As most of us who have done political work know, alliances don’t need to take the form of written compacts or platforms, and they rarely do in practice anymore.  Locally, coalitions are often ephemeral alliances that arise over a particular issue or emergency: at best, they build relationships that can grow over time.  Sometimes, they bring together groups with interlocking members.
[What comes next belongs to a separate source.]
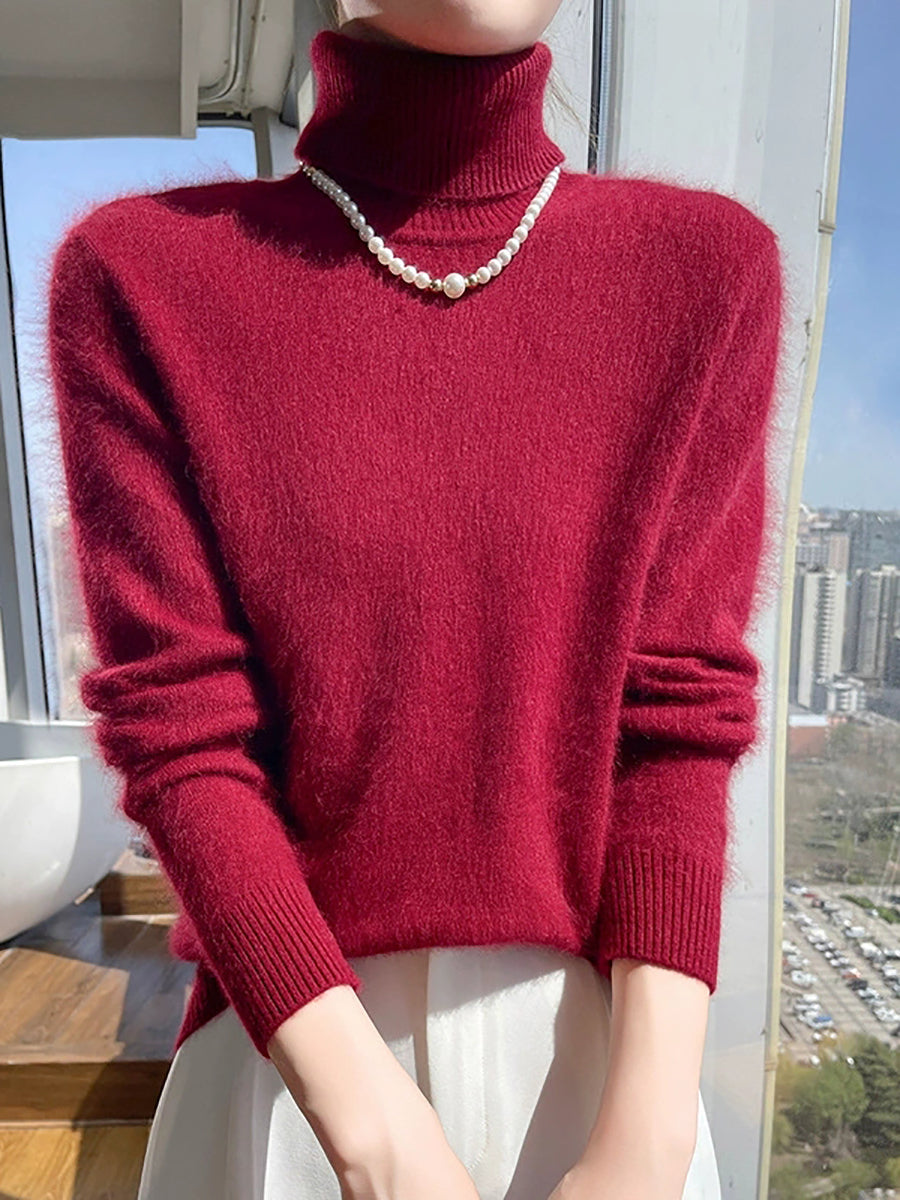 Women Autumn Pure Color Turtleneck Sweater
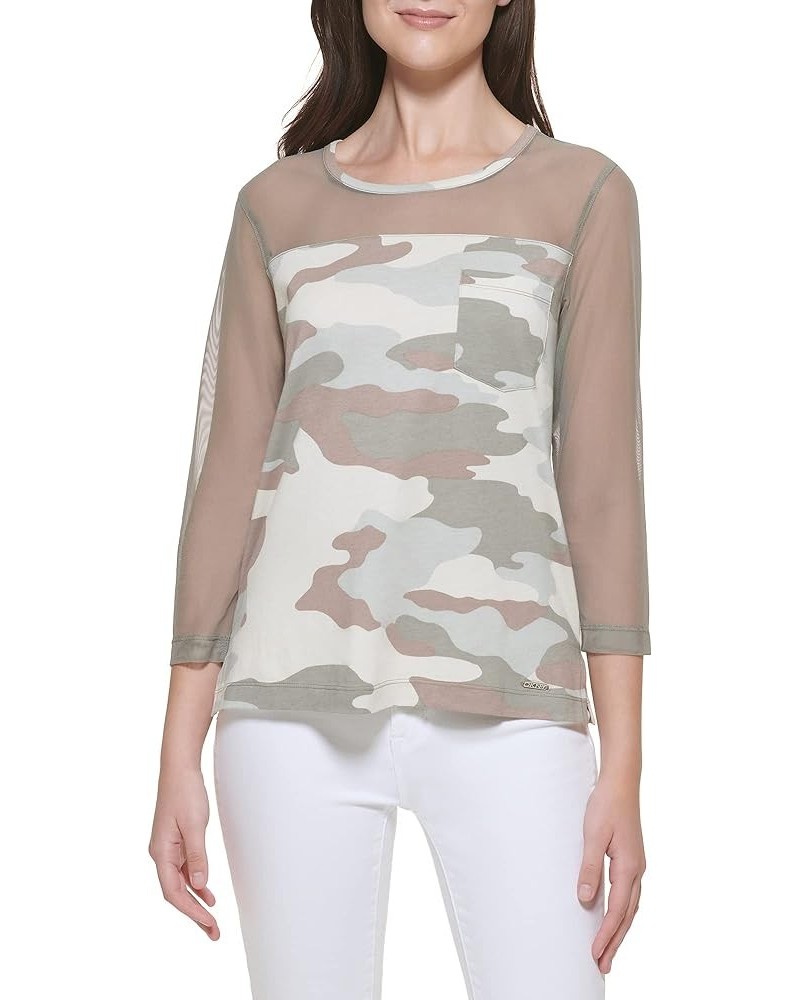 Women's Camo Chest Pocket Sheer Sportswear Top Thyme/Parchment Thyme Multi $8.68 T-Shirts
With that in mind, the Popular Front vs. United Front debate can still come in handy.  But it has to be keyed to the level and scale on which you’re acting, the goals you have in mind, and the demographics of your area.  Are you operating at a strictly local level, or taking part in a state or national effort?  Are you trying to push a particular set of laws or serve particular needs through an issue-oriented organization?  Are you trying to create a union, or build a chapter of an organization based around an explicit political ideal (like the DSA or YDSA)?   How widespread are left and progressive ideas in your area of operation, and what racial and class demographics are they spread across?   It’s impossible to run through all the permutations here, nor do I have the experience to speak to all of them.  Suffice to say that the kind of coalitions one builds has to take level, scale, demographics, and goals in mind.  If left-progressive views in your area are strong, for instance, it’s easy to imagine a situation in which something like a United Front is the most pragmatic course.

Need for a name

On “racialized financial capitalism,” and the need for a name.  In Twenty Theses on Politics, Enrique Dussel wrote about the need for a consistent political vocabulary – boiled down to a small set of words – capable of gluing together a diffuse coalition.  I agree with Fletcher and Davidson that the phrase “racialized financial capitalism” brings together some of the broadest and most historically-specific facets of the dominant order that we in the United States are facing today.  It also reminds me of Georgi Dimitrov’s definition of fascism that launched the Comintern’s Popular Front policy in the 1935: that fascism is “the most reactionary, most chauvinistic and most imperialist elements of finance capital.”  Dimitrov was also trying to mobilize a popular anticapitalism against virulent political reaction, but not in a way that required an instant rejection of all forms of capitalism as the price of admission.  What’s changed is that finance capital is now, in reality, the main form of capital we face in the United States.

But, following, Dussel, “racialized financial capitalism” is a bit of a mouthful for everyday use, and Davidson and Fletcher would probably agree with me here.  Occupy had a good name for the opponent – “the one percent” – though we’ll need something new.  I’ve been in academia far too long to come up with an effective term that could capture the dreams and desires of millions: it will have to emerge from struggle.